Di sisi lain, impor barang konsumsi turun terutama untuk pendingin ruangan, bawang putih, mobil listrik, buah pir, dan buah apel.
Sementara itu, secara umum, komoditas impor nonmigas dengan peningkatan tertinggi, antara lain, kakao dan olahannya (HS 18) sebesar 108,89 persen; kapal, perahu, dan struktur terapung (HS 89) sebesar 77,43 persen; serta garam, belerang, batu, dan semen (HS 25) sebesar 72,15 persen (CtC).

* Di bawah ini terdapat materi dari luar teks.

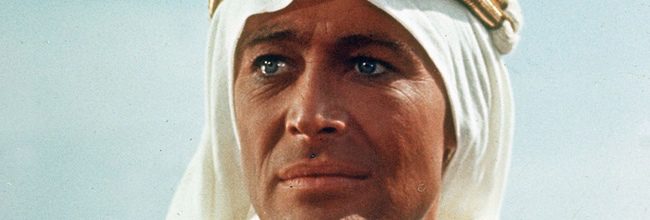 Lawrence de Arabia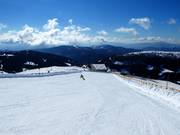 Panorama Descent slope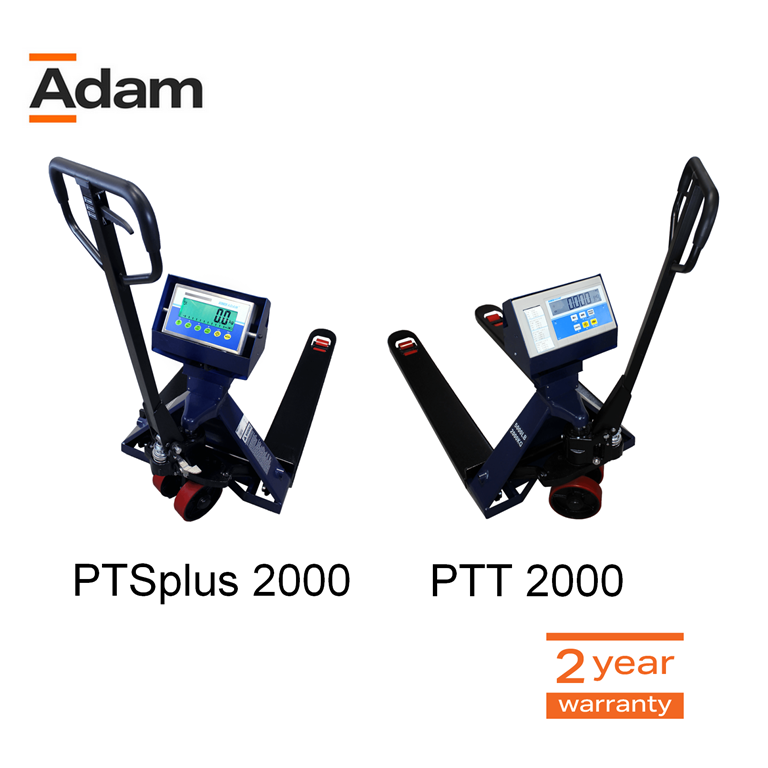 Adam PT Pallet Truck Scales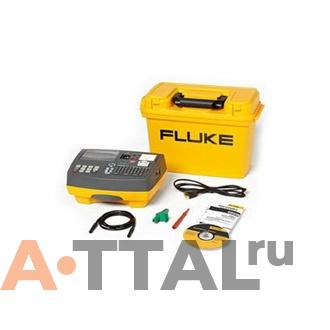 Fluke 6200-2 UK KIT. Тестер электроустановок многофункциональный фото 1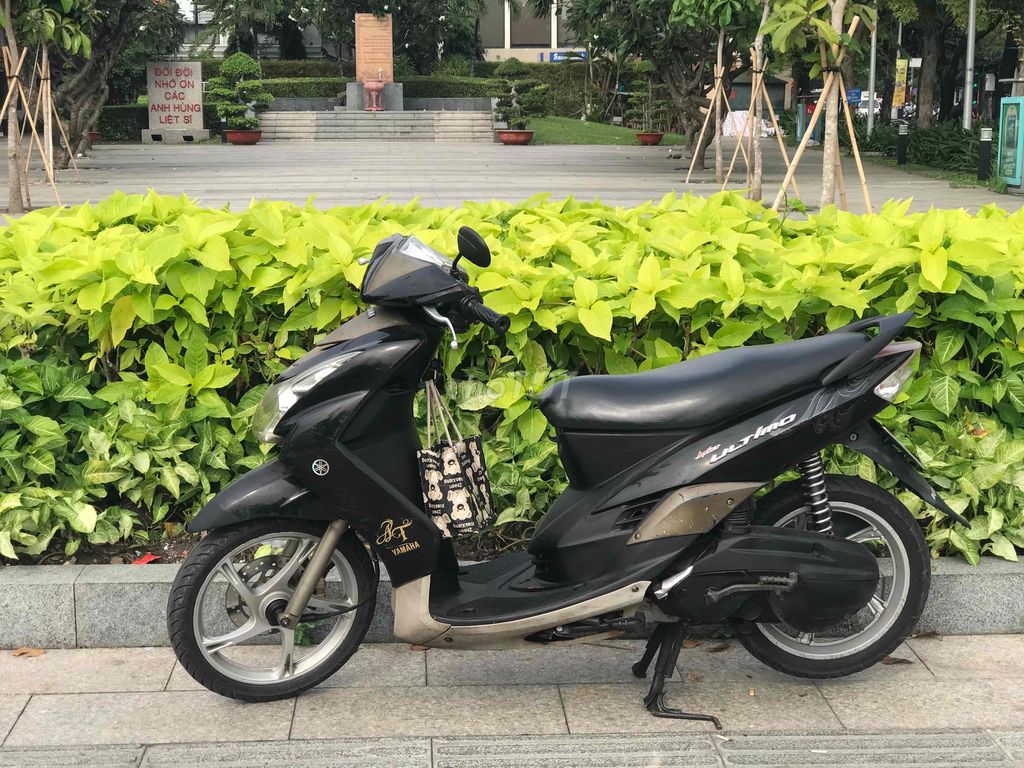 Yamaha Mio . Xe đi nhậu . đi chợ quá ok . bstp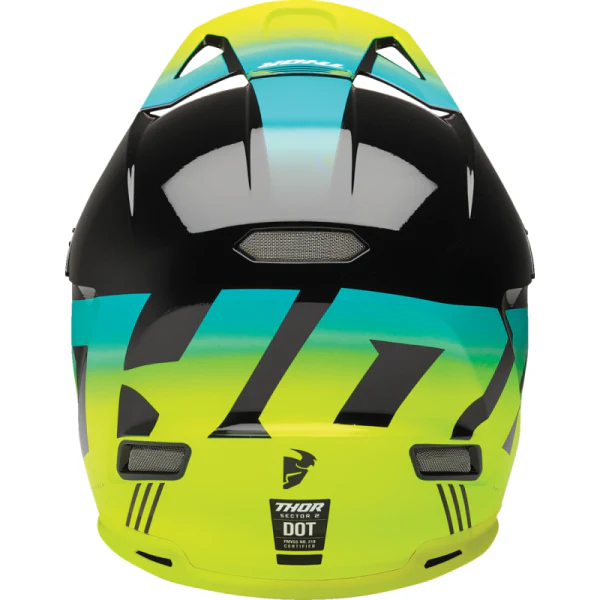 Casque de Motocross Sector 2 Carve - Image 4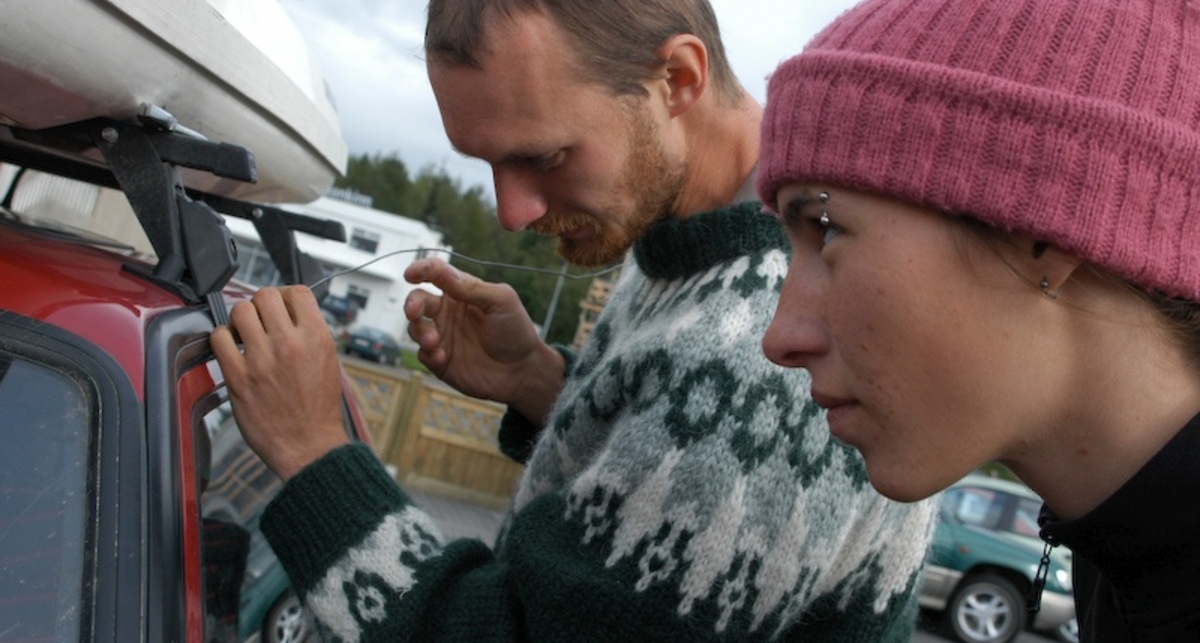 В Киеве угоняют автомобили в 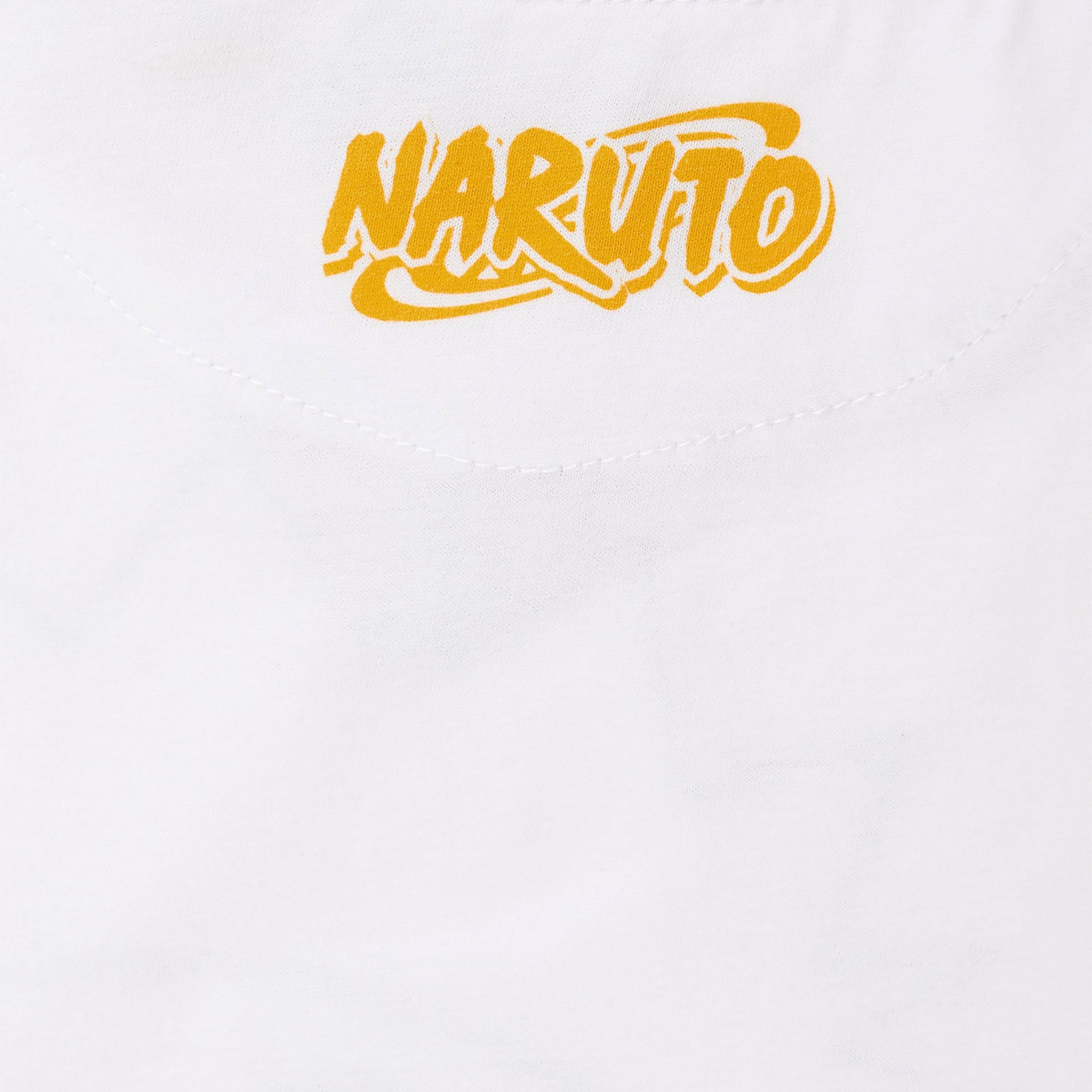 Product image Naruto - Monochrome Sketch T-Shirt white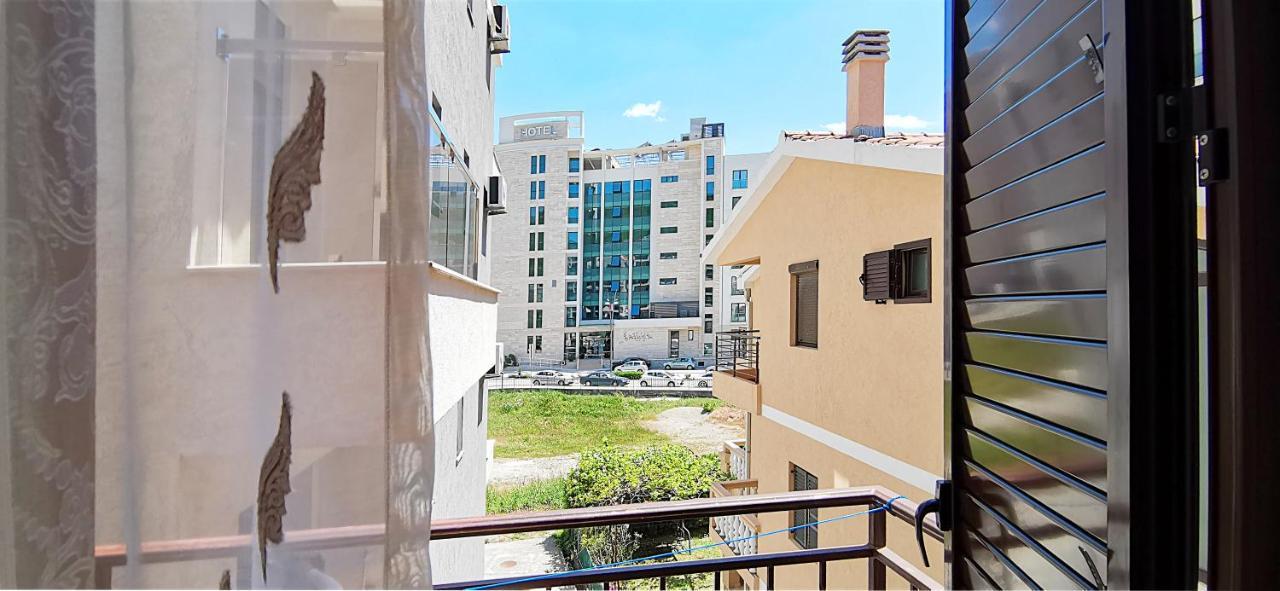 Apartments And Rooms Marija Budva Zewnętrze zdjęcie
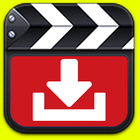 Video Downloader Pro Free Mix ไอคอน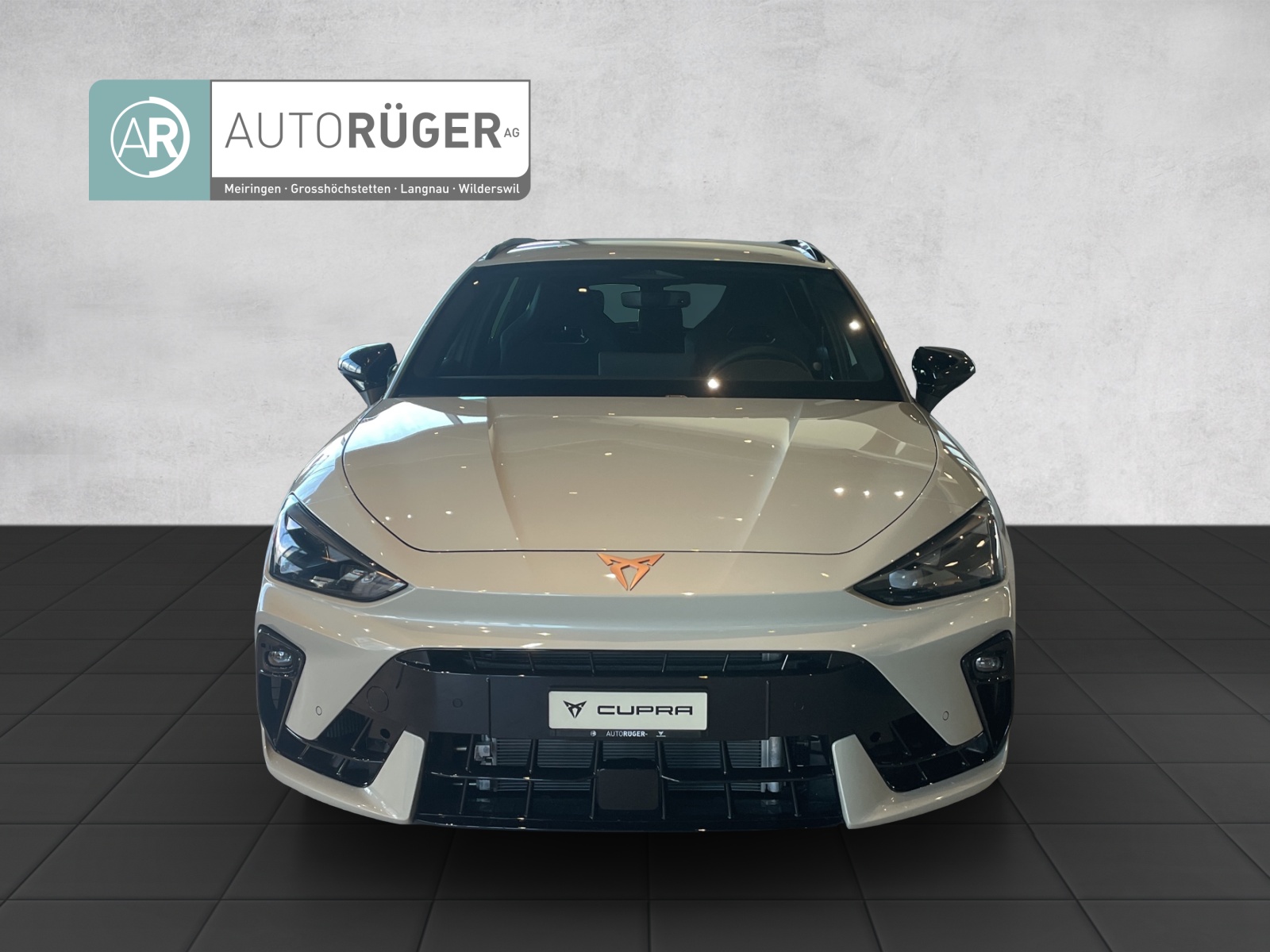 CUPRA LEON ST 2.0 TSI Prime Edition VZ DSG 4Drive-image-1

Berdasarkan negara asal, impor nonmigas Indonesia pada Januari—Agustus 2025 didominasi Tiongkok, Jepang, dan AS dengan kontribusi gabungan mencapai 52,78 persen terhadap total impor nonmigas.
Sementara itu, negara asal impor dengan kenaikan tertinggi dibanding Januari—Agustus 2024 adalah Ekuador sebesar 102,75 persen; Uni Emirat Arab sebesar 62,74 persen; dan Arab Saudi sebesar 28,03 persen.